Le détour par le Val Susa nous a donc d’abord permis de ne pas dissocier un phénomène métropolitain engageant les grandes villes occidentales (voire mondiales) de l’ensemble des milieux affectés par lui (qu’ils soient urbains ou ruraux, dits naturels ou domestiqués). Il nous a également permis de comprendre que la métropole n’était pas une entité abstraite, sur laquelle on n’aurait aucune prise mais qu’elle prend corps autour de nous, au cœur de notre vie quotidienne. Surtout, et c’est cela que nous retiendrons pour finir, la lutte des No-Tav nous permet de percevoir qu’il est possible d’opposer au phénomène métropolitain une résistance effective, quoique comme nous le rappellent les auteurs du texte, aucun commun ne préexiste à aucune lutte, là- bas comme ici. Nous pouvons ici et dès à présent constituer ces communs, à Saint-Etienne comme à Lyon, à Givors, ou à Saint-Chamon, contre ce qui se présente comme l’inéluctabilité de la valorisation économique des villes et des zones rurales, contre les infrastructures du pouvoir métropolitain, pour ouvrir à la possibilité de mondes habitables.
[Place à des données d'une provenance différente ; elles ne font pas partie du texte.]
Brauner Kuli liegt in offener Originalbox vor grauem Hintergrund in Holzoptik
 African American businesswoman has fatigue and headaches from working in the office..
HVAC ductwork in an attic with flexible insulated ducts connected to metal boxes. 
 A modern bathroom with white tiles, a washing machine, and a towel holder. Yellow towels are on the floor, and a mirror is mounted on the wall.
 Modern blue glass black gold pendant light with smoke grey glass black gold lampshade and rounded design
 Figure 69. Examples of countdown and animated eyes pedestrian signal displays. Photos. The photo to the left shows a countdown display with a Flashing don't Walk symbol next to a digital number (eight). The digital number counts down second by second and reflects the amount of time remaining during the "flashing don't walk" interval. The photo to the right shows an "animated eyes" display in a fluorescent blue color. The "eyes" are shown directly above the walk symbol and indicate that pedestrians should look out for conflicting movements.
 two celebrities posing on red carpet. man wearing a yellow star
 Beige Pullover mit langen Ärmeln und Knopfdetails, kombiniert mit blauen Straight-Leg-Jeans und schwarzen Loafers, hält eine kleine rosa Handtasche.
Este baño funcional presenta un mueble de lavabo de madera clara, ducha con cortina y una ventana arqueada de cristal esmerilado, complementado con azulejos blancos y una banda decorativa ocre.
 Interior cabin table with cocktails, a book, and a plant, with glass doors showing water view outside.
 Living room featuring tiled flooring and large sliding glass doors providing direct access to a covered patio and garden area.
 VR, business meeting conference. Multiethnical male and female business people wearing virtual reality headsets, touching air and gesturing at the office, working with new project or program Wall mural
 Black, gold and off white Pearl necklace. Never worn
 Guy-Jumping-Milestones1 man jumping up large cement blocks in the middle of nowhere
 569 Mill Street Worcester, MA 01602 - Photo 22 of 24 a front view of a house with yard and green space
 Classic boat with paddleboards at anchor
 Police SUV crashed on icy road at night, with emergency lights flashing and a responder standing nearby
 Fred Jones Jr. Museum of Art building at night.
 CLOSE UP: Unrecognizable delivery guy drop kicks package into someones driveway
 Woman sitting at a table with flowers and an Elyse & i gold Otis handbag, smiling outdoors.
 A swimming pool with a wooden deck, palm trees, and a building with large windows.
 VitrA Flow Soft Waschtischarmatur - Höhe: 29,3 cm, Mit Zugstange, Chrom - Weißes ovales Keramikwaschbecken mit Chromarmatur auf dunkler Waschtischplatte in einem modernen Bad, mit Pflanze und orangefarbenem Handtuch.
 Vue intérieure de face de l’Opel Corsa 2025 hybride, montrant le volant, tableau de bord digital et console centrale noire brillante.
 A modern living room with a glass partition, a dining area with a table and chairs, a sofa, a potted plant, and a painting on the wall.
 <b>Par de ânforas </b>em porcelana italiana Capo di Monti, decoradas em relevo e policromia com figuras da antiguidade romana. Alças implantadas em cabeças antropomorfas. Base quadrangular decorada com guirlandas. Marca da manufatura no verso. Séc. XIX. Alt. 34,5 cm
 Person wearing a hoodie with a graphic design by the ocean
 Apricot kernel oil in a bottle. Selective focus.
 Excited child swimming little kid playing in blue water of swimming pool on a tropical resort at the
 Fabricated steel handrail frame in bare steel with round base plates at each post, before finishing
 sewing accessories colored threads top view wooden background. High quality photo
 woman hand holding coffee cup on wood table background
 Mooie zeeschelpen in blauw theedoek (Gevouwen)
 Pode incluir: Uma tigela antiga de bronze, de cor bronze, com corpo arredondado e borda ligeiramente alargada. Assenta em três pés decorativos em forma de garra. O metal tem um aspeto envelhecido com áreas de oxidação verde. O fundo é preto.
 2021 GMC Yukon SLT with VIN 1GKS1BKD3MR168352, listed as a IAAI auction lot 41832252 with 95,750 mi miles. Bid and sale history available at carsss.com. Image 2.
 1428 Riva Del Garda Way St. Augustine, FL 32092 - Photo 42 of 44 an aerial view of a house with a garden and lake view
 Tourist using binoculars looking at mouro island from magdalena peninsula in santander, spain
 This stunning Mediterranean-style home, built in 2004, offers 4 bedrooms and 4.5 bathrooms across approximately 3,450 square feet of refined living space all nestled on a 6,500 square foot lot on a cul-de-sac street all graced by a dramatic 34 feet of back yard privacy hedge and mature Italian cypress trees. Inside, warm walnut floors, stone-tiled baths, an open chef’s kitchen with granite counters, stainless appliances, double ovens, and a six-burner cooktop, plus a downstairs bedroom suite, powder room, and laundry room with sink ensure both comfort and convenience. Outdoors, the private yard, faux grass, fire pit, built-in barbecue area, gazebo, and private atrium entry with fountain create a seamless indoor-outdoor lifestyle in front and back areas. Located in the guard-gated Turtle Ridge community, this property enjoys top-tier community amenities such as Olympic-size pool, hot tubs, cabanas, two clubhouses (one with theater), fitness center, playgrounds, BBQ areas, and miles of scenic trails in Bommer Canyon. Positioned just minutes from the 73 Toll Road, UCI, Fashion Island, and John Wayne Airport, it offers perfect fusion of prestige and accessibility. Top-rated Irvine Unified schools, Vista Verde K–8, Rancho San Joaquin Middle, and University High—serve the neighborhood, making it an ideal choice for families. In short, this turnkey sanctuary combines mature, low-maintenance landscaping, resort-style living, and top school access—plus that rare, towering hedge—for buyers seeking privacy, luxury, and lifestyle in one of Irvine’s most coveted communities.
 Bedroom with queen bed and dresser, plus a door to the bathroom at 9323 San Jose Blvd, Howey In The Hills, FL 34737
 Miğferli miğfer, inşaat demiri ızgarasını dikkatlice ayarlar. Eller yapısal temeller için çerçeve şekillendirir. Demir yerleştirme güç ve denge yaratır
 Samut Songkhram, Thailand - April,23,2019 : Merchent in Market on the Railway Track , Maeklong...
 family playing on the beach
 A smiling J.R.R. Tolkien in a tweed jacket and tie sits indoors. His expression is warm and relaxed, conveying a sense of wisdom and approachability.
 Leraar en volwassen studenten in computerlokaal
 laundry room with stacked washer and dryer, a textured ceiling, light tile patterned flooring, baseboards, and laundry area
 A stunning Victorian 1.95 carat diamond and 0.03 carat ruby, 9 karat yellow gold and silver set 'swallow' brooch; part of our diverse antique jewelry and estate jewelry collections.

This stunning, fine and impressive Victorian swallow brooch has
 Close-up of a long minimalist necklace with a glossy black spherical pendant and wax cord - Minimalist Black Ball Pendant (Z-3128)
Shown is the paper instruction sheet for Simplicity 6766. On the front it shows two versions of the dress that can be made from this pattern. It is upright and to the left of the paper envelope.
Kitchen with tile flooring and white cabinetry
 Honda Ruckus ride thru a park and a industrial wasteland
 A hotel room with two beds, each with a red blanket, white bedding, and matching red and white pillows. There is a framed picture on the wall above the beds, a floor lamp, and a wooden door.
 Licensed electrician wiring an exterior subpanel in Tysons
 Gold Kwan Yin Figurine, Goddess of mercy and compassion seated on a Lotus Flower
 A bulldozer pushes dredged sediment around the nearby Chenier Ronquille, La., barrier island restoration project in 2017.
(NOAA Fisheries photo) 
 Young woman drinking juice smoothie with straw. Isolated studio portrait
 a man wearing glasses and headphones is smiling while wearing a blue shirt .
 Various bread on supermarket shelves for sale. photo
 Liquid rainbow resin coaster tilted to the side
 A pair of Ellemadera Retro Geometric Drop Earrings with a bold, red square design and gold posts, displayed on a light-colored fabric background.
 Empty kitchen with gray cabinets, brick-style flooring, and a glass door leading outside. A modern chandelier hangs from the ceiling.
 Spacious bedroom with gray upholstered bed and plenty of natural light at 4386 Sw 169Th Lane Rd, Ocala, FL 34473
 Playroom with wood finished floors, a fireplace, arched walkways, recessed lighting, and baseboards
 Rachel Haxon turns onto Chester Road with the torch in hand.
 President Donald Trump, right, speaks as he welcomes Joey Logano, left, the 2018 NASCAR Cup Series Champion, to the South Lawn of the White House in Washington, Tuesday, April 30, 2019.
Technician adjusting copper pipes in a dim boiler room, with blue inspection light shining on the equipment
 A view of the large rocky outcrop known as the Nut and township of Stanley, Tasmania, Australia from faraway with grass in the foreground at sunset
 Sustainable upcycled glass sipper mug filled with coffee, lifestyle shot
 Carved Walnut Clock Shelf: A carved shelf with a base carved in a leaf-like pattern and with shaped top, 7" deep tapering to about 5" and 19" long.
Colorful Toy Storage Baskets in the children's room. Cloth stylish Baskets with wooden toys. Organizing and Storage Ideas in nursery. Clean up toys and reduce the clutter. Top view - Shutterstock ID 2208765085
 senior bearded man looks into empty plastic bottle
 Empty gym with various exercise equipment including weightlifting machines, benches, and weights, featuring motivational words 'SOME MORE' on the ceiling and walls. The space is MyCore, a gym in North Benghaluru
En Val Susa, à la ZAD de Notre-Dame-des-Landes, à Bruxelles, Saint-Etienne et Lyon, la possibilité de l’existence de communs étrangers à la métropole réside entièrement dans leur devenir. Donc entre nos mains.


[1] Mike Davis, Le Pire des mondes possibles : de l’explosion urbaine au bidonville global, La Découverte, 2006..

[2] Mary Douglas. De la Souillure. Essai sur les notions de pollution et de tabou. Paris, La Découverte et Syros, 2001.

[3] La lutte “No-Tav”, entamée en Val de Susa au milieu des années 90 en opposition à la construction annoncée de la ligne de TGV Lyon-Turin a pris une ampleur importante au cours des années 2000, rassemblant jusqu’à 70.000 personnes le 3 juillet 2011, suite à l’expulsion, la semaine précédente, de la “Libre république de la Maddalena”.

[4] Cette citation, comme les suivantes, sont extraites d’une brochure anonyme imprimée sans éditeur et traduite de l’italien en avril 2012, intitulée “Contributions à la lutte No-Tav”.